Below is a block of entries; repeat exactly the lines starting at the line that contains "tica copenhagen Stripes" and ending at the line that contains "Będzie Geopolo, będzie", both included.
===== Materials provided
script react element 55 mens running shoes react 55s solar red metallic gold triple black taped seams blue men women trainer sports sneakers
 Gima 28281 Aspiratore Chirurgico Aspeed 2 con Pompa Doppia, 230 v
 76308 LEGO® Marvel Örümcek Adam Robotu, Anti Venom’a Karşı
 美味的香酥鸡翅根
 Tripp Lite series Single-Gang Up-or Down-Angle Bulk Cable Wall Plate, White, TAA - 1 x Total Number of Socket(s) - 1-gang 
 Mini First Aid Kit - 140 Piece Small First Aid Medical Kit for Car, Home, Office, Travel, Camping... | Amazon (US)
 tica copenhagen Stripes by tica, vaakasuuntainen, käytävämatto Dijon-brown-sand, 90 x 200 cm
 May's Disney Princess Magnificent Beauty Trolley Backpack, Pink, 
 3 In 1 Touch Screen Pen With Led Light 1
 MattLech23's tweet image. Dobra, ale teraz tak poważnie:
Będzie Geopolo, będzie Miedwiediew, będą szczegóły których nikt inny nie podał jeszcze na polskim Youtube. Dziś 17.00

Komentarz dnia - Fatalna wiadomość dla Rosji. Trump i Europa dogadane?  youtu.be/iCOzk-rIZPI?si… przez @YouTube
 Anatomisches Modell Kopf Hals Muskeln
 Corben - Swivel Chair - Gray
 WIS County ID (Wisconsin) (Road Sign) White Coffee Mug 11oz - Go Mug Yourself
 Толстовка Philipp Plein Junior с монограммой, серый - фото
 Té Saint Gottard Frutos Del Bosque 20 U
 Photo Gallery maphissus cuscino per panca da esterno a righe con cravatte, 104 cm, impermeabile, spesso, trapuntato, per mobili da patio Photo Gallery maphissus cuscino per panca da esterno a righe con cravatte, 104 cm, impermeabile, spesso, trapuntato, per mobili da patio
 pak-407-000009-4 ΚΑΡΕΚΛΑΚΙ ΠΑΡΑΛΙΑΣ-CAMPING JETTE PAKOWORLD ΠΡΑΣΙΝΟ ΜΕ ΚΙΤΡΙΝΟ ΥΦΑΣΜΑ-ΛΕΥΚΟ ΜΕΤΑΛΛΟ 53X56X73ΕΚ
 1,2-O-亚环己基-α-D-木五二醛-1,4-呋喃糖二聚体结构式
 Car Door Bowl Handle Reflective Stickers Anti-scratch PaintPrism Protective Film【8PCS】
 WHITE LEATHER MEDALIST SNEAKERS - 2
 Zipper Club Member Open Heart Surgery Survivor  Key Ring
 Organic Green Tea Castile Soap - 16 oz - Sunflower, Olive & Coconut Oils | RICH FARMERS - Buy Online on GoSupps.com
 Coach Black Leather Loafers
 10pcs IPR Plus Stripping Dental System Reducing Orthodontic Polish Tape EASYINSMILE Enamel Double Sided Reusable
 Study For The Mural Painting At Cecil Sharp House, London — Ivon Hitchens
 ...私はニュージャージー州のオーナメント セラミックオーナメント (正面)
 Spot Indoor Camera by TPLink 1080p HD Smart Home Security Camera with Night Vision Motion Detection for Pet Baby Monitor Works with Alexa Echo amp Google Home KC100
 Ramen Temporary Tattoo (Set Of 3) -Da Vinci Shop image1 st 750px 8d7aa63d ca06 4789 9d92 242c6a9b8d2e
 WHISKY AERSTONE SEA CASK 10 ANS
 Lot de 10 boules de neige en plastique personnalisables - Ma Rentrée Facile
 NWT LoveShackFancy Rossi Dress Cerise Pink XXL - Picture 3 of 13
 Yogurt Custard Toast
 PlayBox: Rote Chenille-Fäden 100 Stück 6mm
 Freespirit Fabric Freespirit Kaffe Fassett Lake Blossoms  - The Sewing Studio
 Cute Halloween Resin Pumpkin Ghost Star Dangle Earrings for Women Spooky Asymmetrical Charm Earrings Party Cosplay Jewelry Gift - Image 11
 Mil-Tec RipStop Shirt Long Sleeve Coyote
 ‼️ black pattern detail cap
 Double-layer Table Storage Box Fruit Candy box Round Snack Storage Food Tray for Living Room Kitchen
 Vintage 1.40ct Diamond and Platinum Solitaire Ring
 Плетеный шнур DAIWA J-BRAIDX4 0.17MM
==========
## Finished exercise
 tica copenhagen Stripes by tica, vaakasuuntainen, käytävämatto Dijon-brown-sand, 90 x 200 cm
 May's Disney Princess Magnificent Beauty Trolley Backpack, Pink, 
 3 In 1 Touch Screen Pen With Led Light 1
 MattLech23's tweet image. Dobra, ale teraz tak poważnie:
Będzie Geopolo, będzie Miedwiediew, będą szczegóły których nikt inny nie podał jeszcze na polskim Youtube. Dziś 17.00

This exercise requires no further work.